(Dataset entries begins)

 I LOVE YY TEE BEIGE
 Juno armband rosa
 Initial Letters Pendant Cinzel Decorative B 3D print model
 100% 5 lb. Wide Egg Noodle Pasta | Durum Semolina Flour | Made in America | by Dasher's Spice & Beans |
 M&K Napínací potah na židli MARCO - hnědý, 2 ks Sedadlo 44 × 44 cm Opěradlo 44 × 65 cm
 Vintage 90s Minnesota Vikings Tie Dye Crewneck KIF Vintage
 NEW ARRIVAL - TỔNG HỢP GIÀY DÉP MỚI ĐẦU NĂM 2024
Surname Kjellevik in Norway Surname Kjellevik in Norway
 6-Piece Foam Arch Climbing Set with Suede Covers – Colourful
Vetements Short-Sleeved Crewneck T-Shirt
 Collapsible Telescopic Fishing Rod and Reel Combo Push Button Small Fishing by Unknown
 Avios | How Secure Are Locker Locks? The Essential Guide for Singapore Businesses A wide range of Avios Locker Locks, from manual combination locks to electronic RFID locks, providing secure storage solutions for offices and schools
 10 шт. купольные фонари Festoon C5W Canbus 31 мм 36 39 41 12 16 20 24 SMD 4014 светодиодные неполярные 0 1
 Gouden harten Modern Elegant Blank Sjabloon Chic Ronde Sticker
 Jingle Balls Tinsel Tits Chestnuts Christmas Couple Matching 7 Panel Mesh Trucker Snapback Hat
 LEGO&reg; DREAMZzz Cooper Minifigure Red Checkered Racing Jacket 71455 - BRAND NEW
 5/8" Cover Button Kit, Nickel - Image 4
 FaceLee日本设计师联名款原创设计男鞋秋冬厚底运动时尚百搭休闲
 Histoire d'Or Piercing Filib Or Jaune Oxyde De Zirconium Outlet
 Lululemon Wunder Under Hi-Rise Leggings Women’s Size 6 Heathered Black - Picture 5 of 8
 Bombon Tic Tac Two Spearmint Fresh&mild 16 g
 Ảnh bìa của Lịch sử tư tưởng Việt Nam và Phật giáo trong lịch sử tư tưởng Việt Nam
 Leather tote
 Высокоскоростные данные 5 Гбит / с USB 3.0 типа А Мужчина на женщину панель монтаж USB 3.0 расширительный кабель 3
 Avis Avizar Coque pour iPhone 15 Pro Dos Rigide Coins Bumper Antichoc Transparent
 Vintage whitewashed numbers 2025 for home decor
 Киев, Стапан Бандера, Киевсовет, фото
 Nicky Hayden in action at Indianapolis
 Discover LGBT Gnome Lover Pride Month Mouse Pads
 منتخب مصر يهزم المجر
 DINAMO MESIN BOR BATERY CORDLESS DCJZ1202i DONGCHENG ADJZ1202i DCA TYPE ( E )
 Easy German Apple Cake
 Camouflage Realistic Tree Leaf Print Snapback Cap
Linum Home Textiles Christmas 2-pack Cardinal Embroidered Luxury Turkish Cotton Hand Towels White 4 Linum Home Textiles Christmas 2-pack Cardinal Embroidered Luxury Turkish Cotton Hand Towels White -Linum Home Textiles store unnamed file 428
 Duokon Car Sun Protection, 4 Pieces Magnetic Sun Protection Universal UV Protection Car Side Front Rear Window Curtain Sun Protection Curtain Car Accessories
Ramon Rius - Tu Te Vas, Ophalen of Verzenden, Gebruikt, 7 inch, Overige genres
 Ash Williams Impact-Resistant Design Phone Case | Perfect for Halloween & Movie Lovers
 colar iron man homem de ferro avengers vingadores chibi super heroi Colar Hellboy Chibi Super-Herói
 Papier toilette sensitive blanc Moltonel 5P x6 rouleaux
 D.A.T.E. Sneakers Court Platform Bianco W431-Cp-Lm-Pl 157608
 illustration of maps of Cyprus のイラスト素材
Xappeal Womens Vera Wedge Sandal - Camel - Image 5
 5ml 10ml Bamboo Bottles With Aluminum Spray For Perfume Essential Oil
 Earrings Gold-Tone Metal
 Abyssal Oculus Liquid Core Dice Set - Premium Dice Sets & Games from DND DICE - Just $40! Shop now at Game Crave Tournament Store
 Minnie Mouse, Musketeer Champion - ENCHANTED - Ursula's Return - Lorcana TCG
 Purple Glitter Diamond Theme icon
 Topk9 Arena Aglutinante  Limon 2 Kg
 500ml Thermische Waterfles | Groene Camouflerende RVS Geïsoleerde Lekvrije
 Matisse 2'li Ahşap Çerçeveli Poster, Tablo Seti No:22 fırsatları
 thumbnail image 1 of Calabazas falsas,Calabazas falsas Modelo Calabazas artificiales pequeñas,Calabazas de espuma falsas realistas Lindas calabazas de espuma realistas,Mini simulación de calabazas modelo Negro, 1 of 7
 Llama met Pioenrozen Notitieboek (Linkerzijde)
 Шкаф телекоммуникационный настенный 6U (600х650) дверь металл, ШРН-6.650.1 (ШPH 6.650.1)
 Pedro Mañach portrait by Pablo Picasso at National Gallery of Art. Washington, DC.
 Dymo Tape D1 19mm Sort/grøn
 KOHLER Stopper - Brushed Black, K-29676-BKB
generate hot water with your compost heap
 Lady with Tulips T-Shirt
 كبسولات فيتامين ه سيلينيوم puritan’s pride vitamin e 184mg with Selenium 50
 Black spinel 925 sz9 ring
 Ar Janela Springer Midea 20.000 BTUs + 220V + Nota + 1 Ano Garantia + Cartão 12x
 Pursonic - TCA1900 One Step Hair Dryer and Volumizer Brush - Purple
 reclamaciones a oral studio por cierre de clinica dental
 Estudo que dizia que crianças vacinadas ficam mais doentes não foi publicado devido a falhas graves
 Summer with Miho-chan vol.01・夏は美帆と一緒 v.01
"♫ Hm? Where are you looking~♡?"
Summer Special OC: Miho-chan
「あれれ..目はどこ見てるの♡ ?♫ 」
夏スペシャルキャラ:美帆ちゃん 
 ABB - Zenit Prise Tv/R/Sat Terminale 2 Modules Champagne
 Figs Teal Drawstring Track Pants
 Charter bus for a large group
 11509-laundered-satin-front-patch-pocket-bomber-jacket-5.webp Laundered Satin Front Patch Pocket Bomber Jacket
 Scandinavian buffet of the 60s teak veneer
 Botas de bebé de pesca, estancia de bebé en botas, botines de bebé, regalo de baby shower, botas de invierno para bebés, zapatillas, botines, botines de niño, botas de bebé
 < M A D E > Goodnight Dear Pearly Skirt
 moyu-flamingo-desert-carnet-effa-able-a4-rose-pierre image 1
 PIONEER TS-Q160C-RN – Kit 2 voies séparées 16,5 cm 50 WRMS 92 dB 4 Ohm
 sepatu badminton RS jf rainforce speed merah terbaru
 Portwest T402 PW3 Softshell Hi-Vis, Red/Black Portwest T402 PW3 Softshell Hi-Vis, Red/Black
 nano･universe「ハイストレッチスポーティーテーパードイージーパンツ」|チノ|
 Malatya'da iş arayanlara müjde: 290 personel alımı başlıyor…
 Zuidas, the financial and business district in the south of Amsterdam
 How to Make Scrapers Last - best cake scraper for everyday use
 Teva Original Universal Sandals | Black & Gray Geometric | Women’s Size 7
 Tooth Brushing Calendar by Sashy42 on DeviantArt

(Dataset entries ends)

◆ What to do: What is asked for is an exact copy of the lines above from the one containing "Abyssal Oculus Liquid" through the one containing "Purple Glitter Diamond Theme icon", and only those.

◆ Your solution:
 Abyssal Oculus Liquid Core Dice Set - Premium Dice Sets & Games from DND DICE - Just $40! Shop now at Game Crave Tournament Store
 Minnie Mouse, Musketeer Champion - ENCHANTED - Ursula's Return - Lorcana TCG
 Purple Glitter Diamond Theme icon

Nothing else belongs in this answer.